For some people, the abortion question is pretty simple. You are either pro-choice, and thus think a woman has every right to do whatever she pleases with her body, or you are pro-life, believing every fetus is a human and deserves the right to live.

Last week, when there were large displays of dead, aborted fetuses around campus there was also a table asking, "Should abortion be legal?" When I responded to that, I naturally fell in line with liberals like myself who signed the "yes" side. But then asked for a reason why I chose this side, I was at a loss.

Unlike most liberals, I am morally opposed to abortion. My reasoning, morally, is because, to me, it seems like murder. Aborting a fetus, especially late-term, cannot be considered ethical by any means. There are a variety of reasons, but mostly because I know people born at five, six, seven months who are normal, adjusted, healthy people.

Imagine if they had been aborted because their mothers had simply decided they couldn't be parents right then. They are lucky they weren't.

However, this isn't to say that I think there are no instances when abortion does seem to make sense. Cases of rape, incest and when a woman's life is at stake are all instances where I have no opposition to abortion. In these instances, no one should be forced to have a child, and quite frankly, women like this shouldn't be expected to be the mother of that child.

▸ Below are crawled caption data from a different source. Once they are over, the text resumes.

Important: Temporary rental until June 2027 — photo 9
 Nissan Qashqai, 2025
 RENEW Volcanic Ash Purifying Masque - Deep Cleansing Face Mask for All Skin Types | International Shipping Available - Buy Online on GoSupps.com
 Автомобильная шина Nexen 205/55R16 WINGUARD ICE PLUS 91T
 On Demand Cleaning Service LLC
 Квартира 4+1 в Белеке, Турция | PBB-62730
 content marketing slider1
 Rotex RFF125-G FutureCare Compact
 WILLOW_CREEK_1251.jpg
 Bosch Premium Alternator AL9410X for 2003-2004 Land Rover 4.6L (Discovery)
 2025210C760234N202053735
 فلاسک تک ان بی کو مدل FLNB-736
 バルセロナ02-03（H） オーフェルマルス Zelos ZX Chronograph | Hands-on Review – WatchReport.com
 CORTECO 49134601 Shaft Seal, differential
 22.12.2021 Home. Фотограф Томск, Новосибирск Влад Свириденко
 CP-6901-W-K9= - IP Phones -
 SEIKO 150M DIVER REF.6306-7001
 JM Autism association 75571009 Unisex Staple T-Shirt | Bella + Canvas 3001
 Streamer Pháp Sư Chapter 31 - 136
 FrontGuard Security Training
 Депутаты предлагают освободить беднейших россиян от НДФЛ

What concerns me the most about abortion is that it is used as an alternative to safe sex. It's viewed and used as an emergency contraceptive, like Plan B, but to a heightened extreme. Yes, I agree, not everyone is meant to be a parent, but when making the decision to have sex, there are a variety of consequences that can follow — pregnancy is one of them. Every time a person engages in sex, there is a risk of pregnancy that should be noted by all parties engaging.

With that said, I am not — and do not think I will ever be — opposed to the legalization of abortion. Women have every right to do what they want with their bodies. I may personally believe that if a woman is having sex, she should be ready to have a child, but it is not my right to tell a woman what to do with the parasite growing in her body. Yes, abortion is sad. Yes, I wish there were less of them, but until the demand for them no longer exists, I cannot argue with their legality.

What many pro-lifers mistakenly do is attempt to force when they believe a child becomes a child, illustrating why abortion is so heinous. The display on Hayden Lawn is an example of this. Instead of scaring people away from abortions, we should educate people about safe sex.

In Arizona, we are forced to follow the abstinence-only teaching method when discussing sex. This type of sex-education class is one of the most ineffective in existence. Honestly, the people that have sex will have it regardless of an "abstinence-pledge" they sign.

And as more teens are having sex earlier, it is disgusting that we have not fought for a more comprehensible sex-education program that includes safe sex. Instead of telling students never to have sex and offering them no solutions if they do (and thus nothing to do if they are pregnant), we do not discuss methods to do so safely. Condoms should be made more widely available, and accompanying them should be information on how to use them and why.

When I signed the "yes" side to the "should abortion be legal?" question, it asked for a reason, and I put pro-choice. But in reality, I should have put that though abortions are sad, and I do believe that they shouldn't be used as a contraceptive until every single person is provided with safe-sex education and ways to avoid pregnancy (alongside STDs and HIV). When engaging in sex, abortion not only should be legal, it must be legal. The alternative is not forcing women to become parents and it is not adoption, it is coat hangers and back-alley abortions.